IN THE UNITED STATES DISTRICT COURT FOR THE MIDDLE DISTRICT OF PENNSYLVANIA JOEY DEAN HOFFMAN, : Civil No. 1:25-CV-01176 : Plaintiff, : : v. : : PRIME CARE MEDICAL, INC., : : Defendant. : Judge Jennifer P. Wilson MEMORANDUM Presently before the court is a complaint filed by Joey Dean Hoffman (“Plaintiff”) under 42 U.S.C. § 1983 for a lack of medical treatment. (Doc. 1.) Plaintiff is a self-represented litigant and has applied to proceed in forma pauperis. (Doc. 5.) The court will grant Plaintiff’s motion to proceed in forma pauperis, file the complaint, dismiss the complaint for failing to state a claim upon which relief may be granted, and grant Plaintiff leave to file a curative amended complaint. BACKGROUND On June 27, 2025, the court received and docketed a complaint naming Prime Care Medical, Inc as the sole defendant. (Doc. 1.) The alleged facts in the complaint consist of the following paragraph: My medical request slips were ignored for over 3 months demanding help getting medical bottom bunk status. And when I sprained my ankle it took 6 days for a x-ray and longer to see anyone (PA) to look at it. And 6 months later its still not right and hurts all the time. And medical ignores me. I have written records and 40+ copies of request slips. (Doc. 1.) Along with the complaint, Plaintiff filed a motion to proceed in forma

pauperis and a prisoner trust fund account statement. (Docs. 5, 6). The court will grant Plaintiff’s motion to proceed in forma pauperis and screen the complaint. STANDARD Under 28 U.S.C. § 1915(e)(2)(B)(ii), a court “shall dismiss” an in forma

pauperis case “at any time if the court determines that . . . the action . . . fails to state a claim upon which relief may be granted[.]” The legal standard for dismissing a complaint for failure to state a claim pursuant to 28 U.S.C. § 1915 is

identical to the legal standard used when ruling on Fed. R. Civ. P. 12(b)(6) motions to dismiss. See Grayson v. Mayview State Hosp., 293 F.3d 103, 109-10 & n.11 (3d Cir. 2002). In order “[t]o survive a motion to dismiss, a complaint must contain

sufficient factual matter, accepted as true, to ‘state a claim to relief that is plausible on its face.’” Ashcroft v. Iqbal, 556 U.S. 662, 678 (2009) (quoting Bell Atl. Corp. v. Twombly, 550 U.S. 544, 570 (2007)). A claim is plausible on its face “when the

plaintiff pleads factual content that allows the court to draw the reasonable inference that the defendant is liable for the misconduct alleged.” Id. (quoting Twombly, 550 U.S. at 556). Under Rule 12(b)(6), the court must accept all well pleaded allegations as true and construe all reasonable inferences in favor of the nonmoving party. Doe

v. Univ. of the Scis., 961 F.3d 203, 208 (3d Cir. 2020). The pleadings of self- represented plaintiffs are held to a less stringent standard than formal pleadings drafted by attorneys and are to be liberally construed. See Erickson v. Pardus, 551

U.S. 89, 94 (2007); Higgs v. Att’y Gen., 655 F.3d 333, 339 (3d. Cir. 2011). Self- represented litigants are to be granted leave to file a curative amended complaint even when a plaintiff does not seek leave to amend, unless such an amendment would be inequitable or futile. See Phillips v. Cnty. of Allegheny, 515 F.3d 224,

245 (3d Cir. 2008). DISCUSSION To state a claim under 42 U.S.C. § 1983, a plaintiff must meet two threshold requirements. He must allege: 1) that the alleged misconduct was committed by a

person acting under color of state law; and 2) that as a result, he was deprived of rights, privileges, or immunities secured by the Constitution or laws of the United States. West v. Atkins, 487 U.S. 42, 48 (1988). It is also well established that “[a]

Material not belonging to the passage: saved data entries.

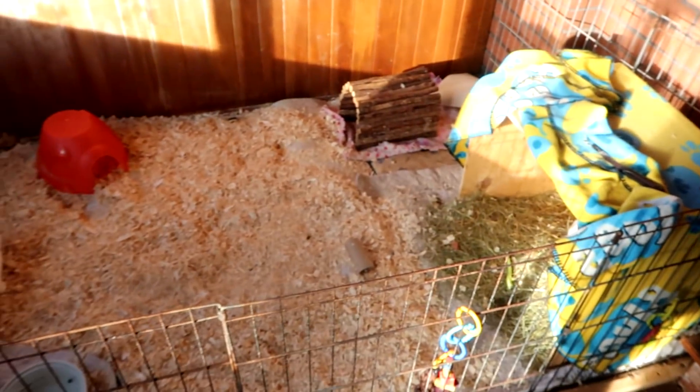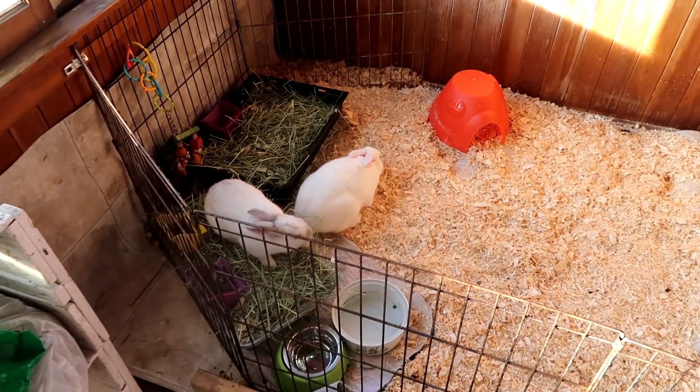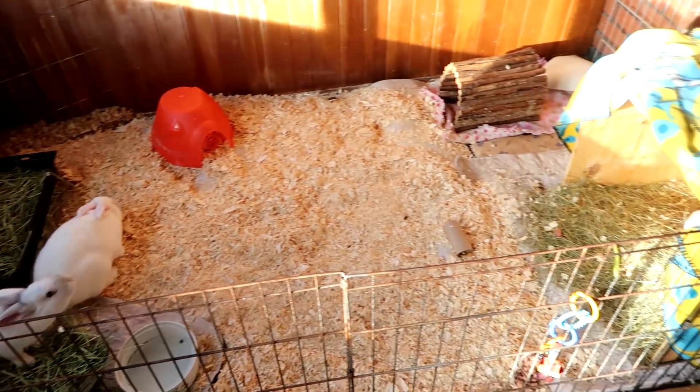I loved that the bunnies were jumping on me while I was cleaning. I do not like cleaning bunnies — there's too much work. I'm all done. Here it is. Thanks for watching my video. Bye!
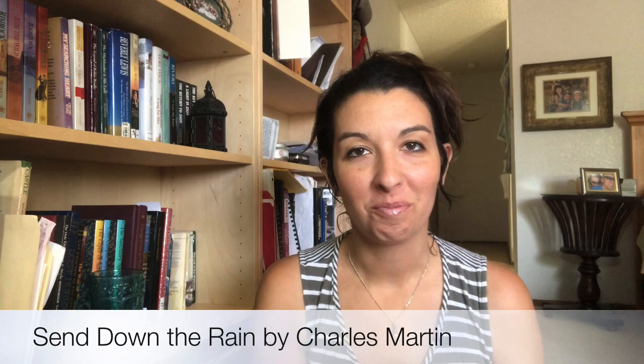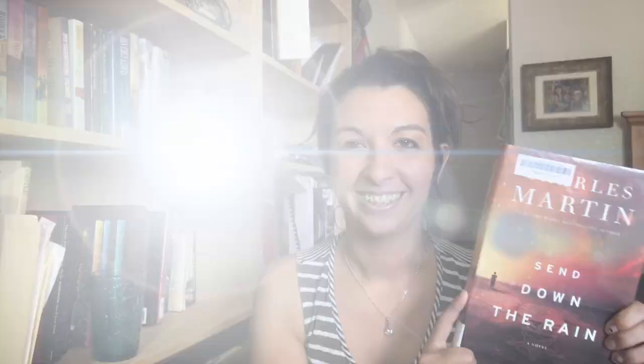Hello, you have reached AuthorMama Reads where I give you my first impressions of all the books I review. Today's book is Send Down the Rain by Charles Martin.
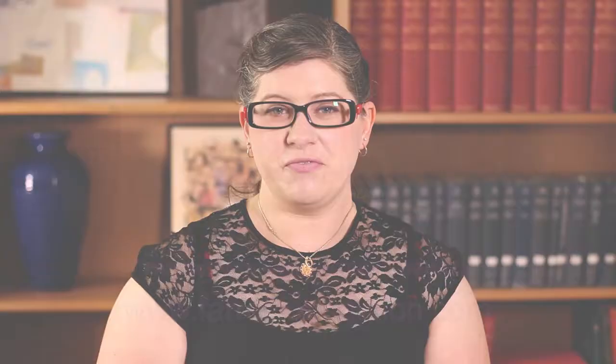Thank you for watching today. We hope that you found this video helpful. For more information about the Carolyn L. Ferrell Foundation for Brain Health, please go to our website, www.ferrellfoundation.com.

defendant in a civil rights action must have personal involvement in the alleged wrongs to be liable, and cannot be held responsible for a constitutional violation which he or she neither participated in nor approved.” Baraka v. McGreevey, 481 F.3d 187, 210 (3d Cir. 2007) (citations and quotations omitted). A private corporation contracted by a prison to provide health care for inmates cannot be held liable on a respondeat superior theory; rather, it can only be held liable for

constitutional violations if it has a custom or policy exhibiting deliberate indifference to a prisoner’s serious medical needs. Natale v. Camden County Correctional Facility, 318 F.3d 575, 583–84 (3d Cir. 2003).

Accordingly, to state a viable § 1983 claim against Prime Care Medical, Inc, the complaint must set forth “facts to state a claim that [it] had a policy, custom, or practice, and that the policy, custom, or practice caused the constitutional violation at issue.” See Sims v. Wexford Health Sources, 635 F. App’x 16, 20 (3d Cir. 2015)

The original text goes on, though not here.